It looks more useful now, seeing the tops are horizontal. Just needs a little table top on it.


----------



## bugbear

Ouch. I see that a "real one" lists for £410. I'm not surprised you want to make your own!

http://www.isokonplus.com/isokon_plus_price_list.pdf

The design shown is the Isokon Donkey 2, from 1963. The Original donkey design (1939) is bent plywood, and pretty unsuitable for making in one-off quantities.

A GIS for Isokon Donkey gives MANY images, which should suffice to reverse engineer the design.

BugBear


----------



## Alf

Okay, someone point out what a numbskull I am, but why would I want to store my Penguin books on their sides like that? The Inner Librarian rebels. Other than that, I like it. 'Specially the earlier curvy design.


----------



## AndyT

Alf":1hqwmvx0 said:


> Okay, someone point out what a numbskull I am, but why would I want to store my Penguin books on their sides like that? The Inner Librarian rebels. Other than that, I like it. 'Specially the earlier curvy design.



Tsk tsk Alf; you're thinking of your books as useful things which store information or stories. These odd little curvy things are to impress visitors with your good taste in interior design. You will of course have to choose your books by the colour of the covers in future, not whether you are interested in the contents! :wink: :wink: 

(But having said all that somewhat sarcastically, I happened across a Penguin 75th anniversary exhibition in our local Oxfam bookshop a while back, and it looked great. Really strong visual designs which have worn well.)


----------



## Alf

See? I was a numbskull. D'oh! #-o 

Actually I do love and appreciate the design aspect of the old Penguins very much - Edward Young really laid excellent groundwork for the brand. But, well, a book's a book, and the cover is famously not the important bit.


----------



## Eric The Viking

I'm with you on the shape, Alf.

It's very elegant and form follows function well. The later ones just imitate the shape and the angular corners spoil it, IMHO. On a practical note, the original makes keeping newspapers tidy relatively easy, whereas the later one just wouldn't work as well.

The DC is a crossword addict (one of the main reasons we subscribe to Bristol Evening Post!), and by Saturday, we usually have newspapers all over the dining room in various stages of dismemberment. I think she'd love it, as, Penguins notwithstanding, the upper shelf would be ideal for pens pencils and scissors. It would be a big mould though, I guess, and I can see it's not really a one-off project.
Could you get the curves by kerf-cutting, or are they too tight a radius?

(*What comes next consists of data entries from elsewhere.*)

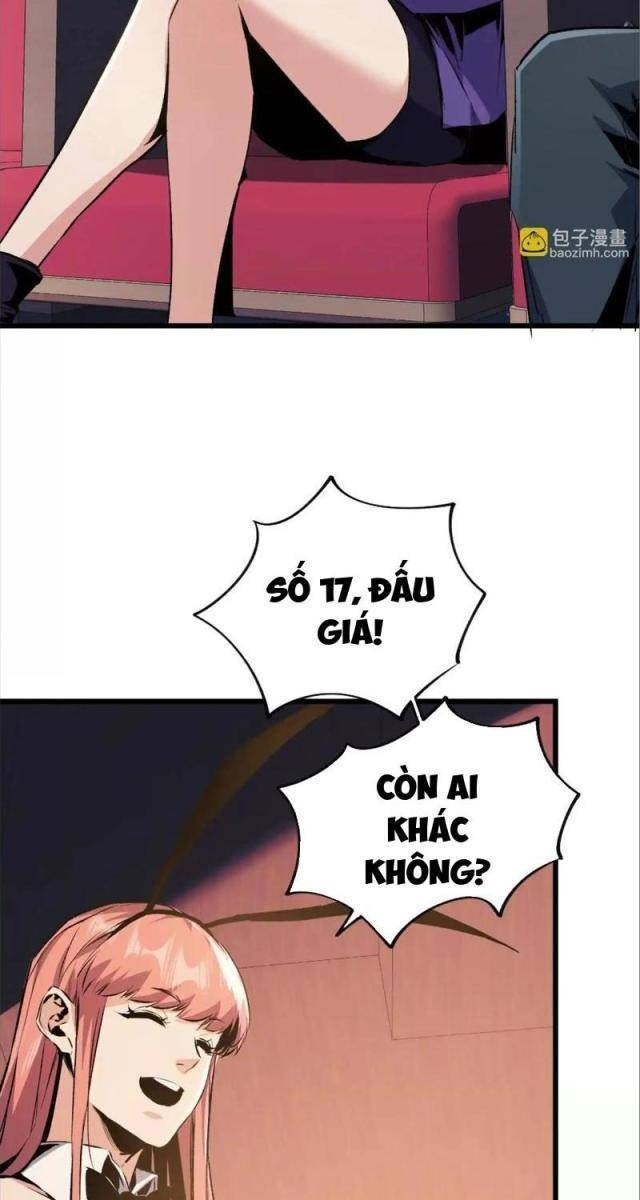 Trùng Sinh Thành Gián - Page 53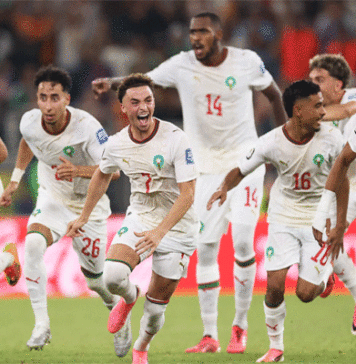Mondial 2026 : le Maroc élimine les Pays-Bas aux tirs au but et file en huitièmes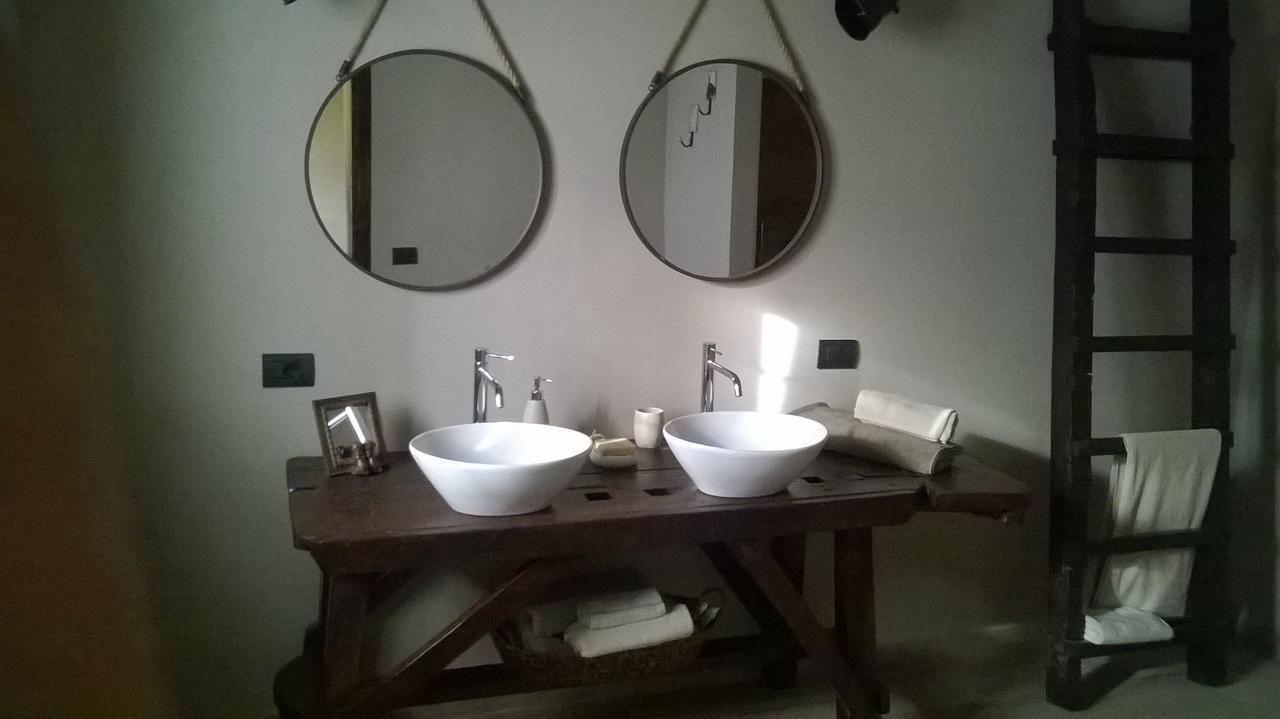 Alloggio per agriturismo Corte Degli Angeli Società Agricola E Agrituristica Busseto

What do the team think about the legs on the original design? I see how they probably work (extension of the back of the shelves), but they wouldn't stand rough handling - too easily splintered or split. Might be an issue here!

E.


----------



## AndyT

Eric The Viking":2e45bq0a said:


> What do the team think about the legs on the original design? I see how they probably work (extension of the back of the shelves), but they wouldn't stand rough handling - too easily splintered or split. Might be an issue here!
> 
> E.



I see what you mean, Eric, they do look a bit like lolly sticks:






If you can't train your unruly household to be more respectful of your work, I suppose you could try just doubling or tripling the thickness of ply on the legs.


----------



## Eric The Viking

Fair point Andy - they're getting old enough now...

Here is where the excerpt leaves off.